Heureusement, nous avions interdiction de jouer dans le moulin, l’environnement des machines était extrêmement dangereux, et nous avons rarement transgressé les ordres, les ouvriers veillaient au grain, et pas seulement  de blé….il y a eu quand même une expérience, toujours du même Patrick,  d’ascension des étages par la corde  utilisée pour monter les sacs d’un étage à un autre, mais notre cousin chargé d’actionner la poulie, par un geste brusque a provoqué une ascension vertigineuse jusqu’au dernier étage…et la dernière trappe s’est refermée brutalement autour du cou de notre  flibustier…Grâce à l’ouvrier présent à l’étage, les conséquences n’ont pas été dramatiques ! Après décrochage par l’ouvrier, notre flibustier a été gratifié d’un coup de pied aux fesses. Je ne me souviens plus si notre père a été mis au courant.

Je garde quelques traces sur le nez, d’un jeu de lancers de briques, jeu dont je me suis vite lassée et , sortant de mon abri, pas eu le temps de dire que j’arrêtais, …. bing…brique sur le nez lequel s’est mis à pisser le sang. Sous la menace de me prendre un autre coup, j’ai dit aux parents que j’étais tombée…. !

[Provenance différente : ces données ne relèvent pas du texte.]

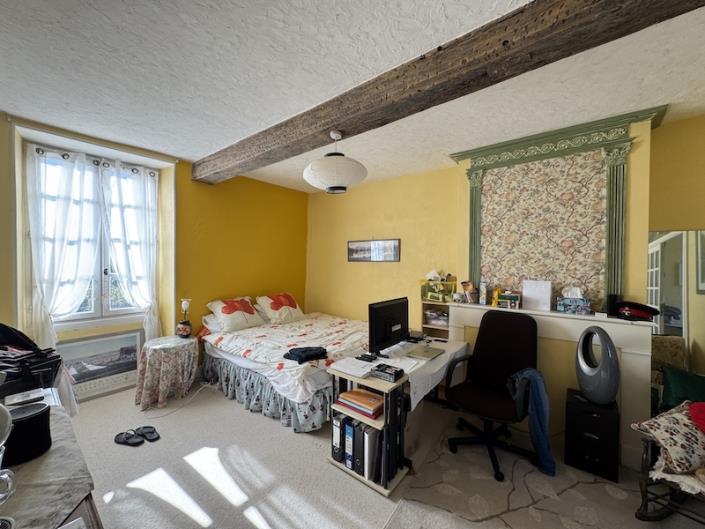 Image No.11-Maison de campagne de 4 chambres à vendre à Verteillac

A l’adolescence, dans le cadre des premiers échanges culturels franco-allemands,  Hacki, venant de Lendringsen en Westphalie, est venue passer un séjour chez nous. A cette occasion nous avions invité des amis français et allemands, et nous avons partagé quelques aventures également. La rivière, le bateau pneumatique…quelques plongeons non désirés, et cerise sur le gâteau, une bagarre à la farine dans le moulin….mais là nous avons dû déguerpir fissa, un des ouvriers nous a pourchassés  en brandissant son balai. Le nettoyage de la farine dans nos cheveux mouillés n’a pas pas été une partie de plaisir…sans compter le savon que nous avons pris après.

Je pense que nous aurions pu écrire un livre de nos aventures pendant toute cette période insouciante, jusqu’à l’annonce du cancer de notre père. Dans ces années là, on ne laissait guère d’espoir de guérison. 

Son courage face à la maladie a été une belle leçon de vie pour ses deux adolescents. Jusqu’au bout, il ne s’est jamais départi de son sens de l’humour et de sa propension à la dérision.

A son décès en 1968, Patrick a du prendre la succession au moulin. Notre mère gérait la partie bureau. Lorsque j’étais là je l’accompagnais en clientèle, parfois aussi en livraison en camion quand le chauffeur était absent…., deux gamins plongés un peu trop vite dans la vie adulte, avec probablement quelques rêves brisés à cette époque là.

En 1971, Patrick se marie avec Chantal et en octobre 1972, un petit Pennequin est né, Sébastien, le seul de la génération qui aura connu un peu le moulin.

Les perspectives d’avenir n’étaient pas brillantes pour les moulins tels que le notre, et en 1974 la décision a été prise….fin de l’histoire de la minoterie Pennequin….les machines sont arrêtées définitivement et le moulin sera vendu à un cousin qui le laissera un peu à l’abandon et le cédera à un nouveau propriétaire. De là sa nouvelle vie…le camping du moulin de Mametz.